Depuis la rétrocession de Hong-Kong à la Chine continentale, le cinéma chinois a bel et bien été transformé, affichant des budgets de plus en plus impressionnants à l'image d'un marché exponentiel, mais où aussi la censure et la temporisation politique et morale est devenu une réalité des plus implacable. Comme un aboutissement de cette triste logique remisant bien souvent la créativité et l'indépendance artistique au placard, voici The Battle at Lake Changjin, entreprise pharaonique qui s'est avéré à la fois la plus coûteuse de toute l'histoire du cinéma chinois (20 millions de dollars de budget) et le plus énorme succès de cette industrie avec plus de 900 millions de $ de recettes. Il fallait bien cela pour rendre hommage à la naissance du symbolique partie communiste chinois et ravir le gouvernement actuel et son ministère de la propagande qui a directement commandité l'objet, entrainant d'ailleurs dans son sillage une participation des plus actives de l'armée de libération du peuple offrant du matériel, de la logistique et des figurants motivés à moindre coût (on dit gratuit dans ce cas là). Une grande machinerie dont le but est bien entendu de raviver la flamme nationaliste et patriotique (belliqueuse aussi ?) du peuple chinois, revisitant un épisode authentique de la Guerre de Corée où l'armée chinoise réussit à repousser les soldats de l'ONU, dirigés par les Américains du célèbre Général MacArthur, en dehors de la ligne de conflit avec la Corée du nord, installant définitivement le statut quo toujours d'actualité. Si bien entendu le belligérant US n'a rien d'un symbole de perfection moral, il est ici dépeint comme va-t-en-guerre, trop sur de lui, traitre, viandard, peu organisé, n'assurant sa supériorité que grâce à sa terrible force de frappe matérielle. Pas un mot bien entendu sur la tentative d'invasion de la Corée du nord sur la Corée du Sud, sur l'alliance trouble entre la Chine et la dictature voisine, puisque de toute façon le leader éclairé Mao Zedong est dépeint comme un chef d'état philosophe, humaniste et proche de ses hommes qu'il n'envoit au front (presque une petite larme à l'oeil) que pour protéger la liberté de tous.

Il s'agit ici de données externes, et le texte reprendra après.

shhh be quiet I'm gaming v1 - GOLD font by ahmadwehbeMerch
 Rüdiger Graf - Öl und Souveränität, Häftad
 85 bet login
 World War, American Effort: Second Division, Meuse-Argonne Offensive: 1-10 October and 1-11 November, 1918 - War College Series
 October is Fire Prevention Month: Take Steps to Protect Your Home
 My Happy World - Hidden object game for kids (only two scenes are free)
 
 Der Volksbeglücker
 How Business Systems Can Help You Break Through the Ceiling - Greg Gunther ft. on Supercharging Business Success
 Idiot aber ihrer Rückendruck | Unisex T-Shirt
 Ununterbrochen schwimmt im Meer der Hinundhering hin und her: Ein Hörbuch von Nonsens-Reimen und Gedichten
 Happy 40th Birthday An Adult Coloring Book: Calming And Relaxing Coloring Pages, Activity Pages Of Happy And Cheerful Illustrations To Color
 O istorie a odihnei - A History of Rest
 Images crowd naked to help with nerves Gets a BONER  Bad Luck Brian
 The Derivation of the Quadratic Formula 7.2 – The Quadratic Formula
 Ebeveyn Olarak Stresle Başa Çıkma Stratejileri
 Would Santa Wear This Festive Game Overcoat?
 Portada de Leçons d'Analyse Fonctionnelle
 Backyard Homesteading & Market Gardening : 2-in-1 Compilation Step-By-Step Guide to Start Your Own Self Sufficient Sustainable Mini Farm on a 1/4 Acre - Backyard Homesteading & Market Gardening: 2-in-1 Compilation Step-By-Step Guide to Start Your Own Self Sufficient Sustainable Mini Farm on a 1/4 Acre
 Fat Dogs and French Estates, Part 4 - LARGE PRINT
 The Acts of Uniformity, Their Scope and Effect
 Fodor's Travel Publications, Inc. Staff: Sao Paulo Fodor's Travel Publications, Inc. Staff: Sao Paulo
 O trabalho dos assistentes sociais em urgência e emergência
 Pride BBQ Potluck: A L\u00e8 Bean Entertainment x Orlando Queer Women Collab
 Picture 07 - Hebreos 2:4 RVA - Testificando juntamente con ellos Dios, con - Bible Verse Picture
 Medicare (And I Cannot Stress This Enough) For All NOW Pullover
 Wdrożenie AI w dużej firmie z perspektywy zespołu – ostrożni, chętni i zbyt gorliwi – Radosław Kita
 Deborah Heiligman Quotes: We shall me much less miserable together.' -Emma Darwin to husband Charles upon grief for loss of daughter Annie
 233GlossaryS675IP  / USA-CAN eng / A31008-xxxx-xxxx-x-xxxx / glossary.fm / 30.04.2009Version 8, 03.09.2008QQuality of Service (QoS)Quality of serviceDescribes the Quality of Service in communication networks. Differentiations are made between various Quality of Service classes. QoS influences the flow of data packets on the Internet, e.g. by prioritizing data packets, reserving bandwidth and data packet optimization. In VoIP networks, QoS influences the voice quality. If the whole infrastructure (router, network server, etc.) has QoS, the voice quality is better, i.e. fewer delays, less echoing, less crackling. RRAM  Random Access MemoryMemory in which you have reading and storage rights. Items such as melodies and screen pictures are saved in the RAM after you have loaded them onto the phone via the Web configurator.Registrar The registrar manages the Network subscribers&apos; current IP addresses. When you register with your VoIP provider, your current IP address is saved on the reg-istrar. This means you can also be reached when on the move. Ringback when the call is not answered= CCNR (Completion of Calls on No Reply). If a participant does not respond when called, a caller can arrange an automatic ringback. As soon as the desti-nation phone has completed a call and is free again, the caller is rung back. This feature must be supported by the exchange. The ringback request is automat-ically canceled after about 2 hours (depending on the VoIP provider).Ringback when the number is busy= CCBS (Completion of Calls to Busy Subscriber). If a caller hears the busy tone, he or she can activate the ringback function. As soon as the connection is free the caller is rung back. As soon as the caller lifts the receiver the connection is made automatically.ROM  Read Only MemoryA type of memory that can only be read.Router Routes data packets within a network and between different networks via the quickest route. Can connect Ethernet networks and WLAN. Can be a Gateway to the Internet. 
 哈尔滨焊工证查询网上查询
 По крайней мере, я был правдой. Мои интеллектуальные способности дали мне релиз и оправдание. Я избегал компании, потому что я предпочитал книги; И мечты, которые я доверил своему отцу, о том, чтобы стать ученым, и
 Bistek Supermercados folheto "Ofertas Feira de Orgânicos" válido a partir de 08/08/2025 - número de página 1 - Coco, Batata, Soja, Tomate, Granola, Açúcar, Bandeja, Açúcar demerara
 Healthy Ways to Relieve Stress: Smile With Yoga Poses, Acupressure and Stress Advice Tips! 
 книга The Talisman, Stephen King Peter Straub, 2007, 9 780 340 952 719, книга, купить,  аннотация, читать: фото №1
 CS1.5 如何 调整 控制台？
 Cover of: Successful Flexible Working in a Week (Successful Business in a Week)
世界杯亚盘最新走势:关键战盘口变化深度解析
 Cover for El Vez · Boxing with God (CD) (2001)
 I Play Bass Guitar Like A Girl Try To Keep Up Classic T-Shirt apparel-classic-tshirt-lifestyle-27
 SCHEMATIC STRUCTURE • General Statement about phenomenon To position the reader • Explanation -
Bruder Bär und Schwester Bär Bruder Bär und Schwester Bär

Calibré à l'extrême, calculé pour ne faire rejaillir que le courage de ces braves soldats chinois, The Battle at Lake Changjin n'hésite pas entre deux affrontements à livrer quelques séquences bien larmoyantes, et douteuses, où la fraternité, l'abnégation, la conviction du brave homme du peuple, vient effacer le moindre doute d'une recrur trop jeune quand à la légitimité de l'attaque... Un sacrifice total de milliers d'homme dont certains, mort frigorifiés, seront retrouvés en positions, tel des statues de glace, par les américains en pleine retraite. Entre les moyens alloués et la réécriture totale et orientée de l'Histoire, on n'est pas loin ici des grands films de guerre hollywoodiens mais avec soixante-dix ans de retards ! Totalement écrasé sous le poids du cahier des charges, sous le miel d'une propagande aveugle et lourdingue, The Battle at Lake Changjin ne peut alors exister qu'en tant que spectacle pyrotechnique total, absurde et désincarné où des milliers de soldats quasiment anonymes (les stars Jing Wu et Jackson Yee viennent juste faire vibrer la corde fraternelle) subissent les pluies de balles, de bombes, les combats au corps-à-corps meurtriers et les contre-attaques de chars, l'assurance verrouillée au corps tandis que les images de synthèses à foisons et les angles iconiques et épiques viennent en souligner la moindre note d'héroïsme. Le spectateur en prend forcément plein les yeux, fasciné parfois par la démesure totale de la fresque guerrière offerte, mais bien malin celui qui réussira à véritablement identifier dans tout ça les personnalités de nos trois « grands » réalisateurs crédités : Chen Kaige (Adieux ma concubine), Dante Lam (The Rescue) et surtout l'anciennement révolutionnaire Tsui Hark (L'Enfer des armes, The Blade, la trilogie Détective Dee, spécialiste de la remise en cause du pouvoirs), tous adjoint d'un directeur associé au patronyme bien mandarin.
Ayant critiqué l'orientation choisie du métrage et la représentation de l'implication de la Chine dans la Guerre de Corée, le journaliste Luo Changping a été arrêté et incarcéré par les autorités. Gageons que Chen Kaige, Dante Lam et Tsui Hark, déjà signataires d'un The Battle at Lake Changjin II sorti au début de l'année, ont gagné plein de points sur l'application sociale officielle du gouvernement.